2 of 3 people found the following review helpful
Something to move the air molecules around your living room,
This review is from: London Symphony Orchestra Vol. I And Ii (Audio CD)
I was pleasantly surprised by this album - Zappa wasn't happy with some of the LSO's playing and makes no secret of it in the liner notes for Vol. 2. I thought this would mean a dreary couple of hours worth of avant-garde music with mistakes and bum notes all over the place. Maybe I know nothing about music, but these performances sound fine to me. FZ had to do a few edits here and there - over 50 on 'Strictly Genteel', taking an 11 minute performance down to 7, and he seems to have done a good job - the music sounds beautiful to these ears.
'Bob in Dacron' is first: a piece in two movements, it depicts the titular character getting dressed and going out to get smashed and go on the pull. The music (and liner notes, to be fair) lets us know Zappa's low opinion of such a character, with churning harmonies and electronic "laughboxes" in the mix.
'Sad Jane' is next: a companion piece to the above, it is more reflective and pastoral - parts of it could be Debussy.

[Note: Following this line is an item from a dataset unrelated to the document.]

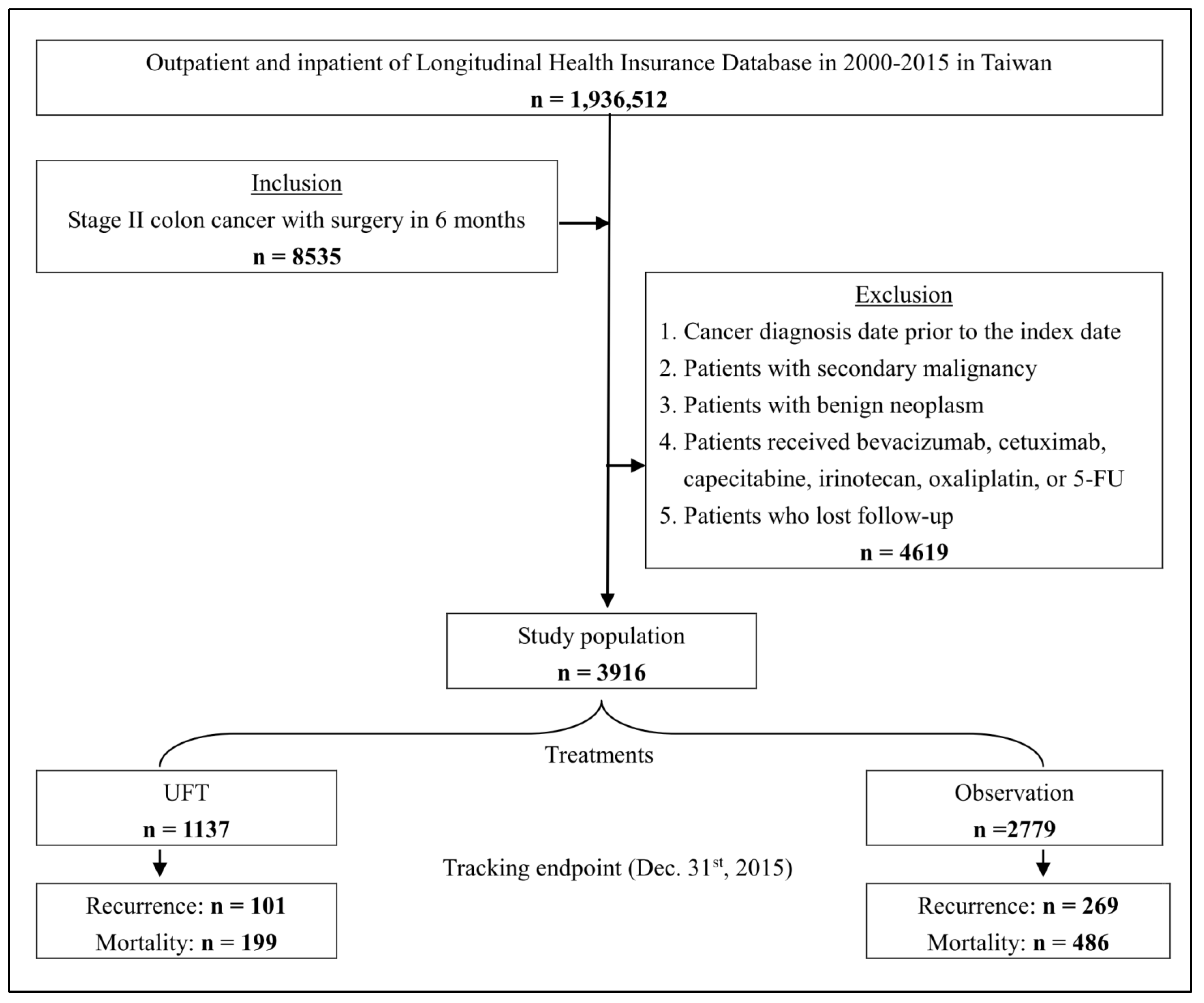 Medicina 59 00010 g001 Medicina 59 00010 g001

After that we have the 28 minute 'Mo 'n Herb's Vacation' which is a combination of a Clarinet solo for David Ocker and a drum solo for Chad Wackerman. The main theme, of which the piece consists of variations, derives from a line in Zappa's 'Wet T-shirt Nite' from Joe's Garage - you figure out which one; needless to say, it's quite surprising to be reminded of mammalian protruberances in a "classical" album such as this.
The second disc consists of new arrangements of older Zappa tunes, and a lot of fans find this disc easier to digest. 'Envelopes', previously glimpsed on the Ship arriving too late to save a Drowning Witch album, is given a lush, slightly slower treatment than before. 'Pedro's Dowry', from Lather, is extended to include a surprising "disco" section, which features excellent rhythm work from Chad Wackerman - his contributions throughout the album are exemplary, and they help to make the album more accessible for rock fans. The 24 minute 'Bogus Pomp' is next, expanded from its Orchestral Favorites version. The orchestral forces are larger in this version too, giving extra resonance to its fanfares.

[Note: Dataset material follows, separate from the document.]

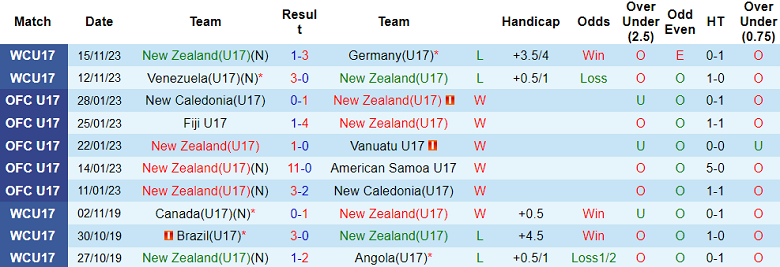 Nhận định, soi kèo U17 New Zealand vs U17 Mexico, 16h00 ngày 18/11 - Ảnh 1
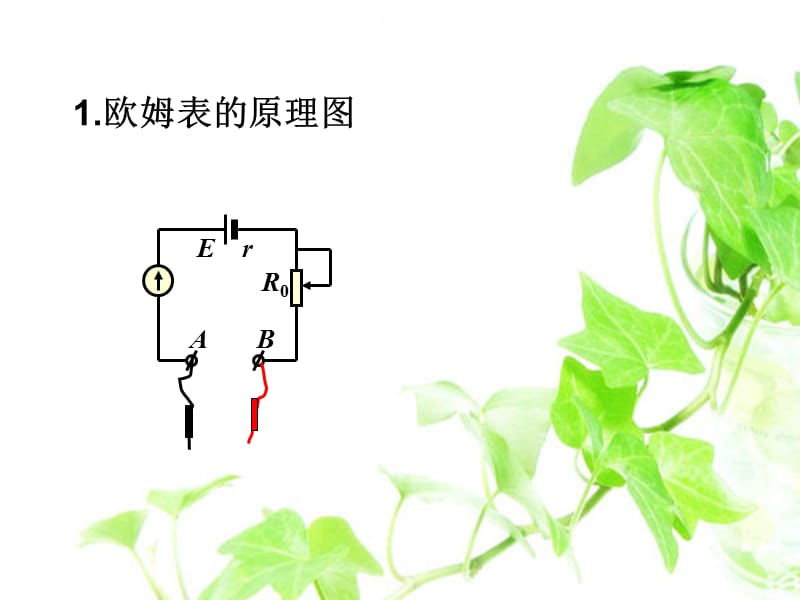 龙江一中孔德禄.ppt_第2页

The final tune is a version of 'Strictly Genteel' which Zappa was very unhappy with, as noted above. The perfomance was so mutilated by editing necessary to conceal the mistakes of an allegedly drunk brass section that it actually fades out - a very bad sign on a classical recording. I seem to remember the Orchestral Favorites version fades out too, but that one retains more of its climaxes than this one does. A slightly disappointing end to the album, then, but overall it's well worthwhile, for Zappa's radical yet involving compositions, and the playing that these musicians actually managed to get right. Considering their budget, time frame, and the complexity of the compositions (which came as a total surpriseto the orchestra), the players should be applauded for their efforts. For Zappa fans, the presence of Chad Wackerman and Ed Mann is an added bonus.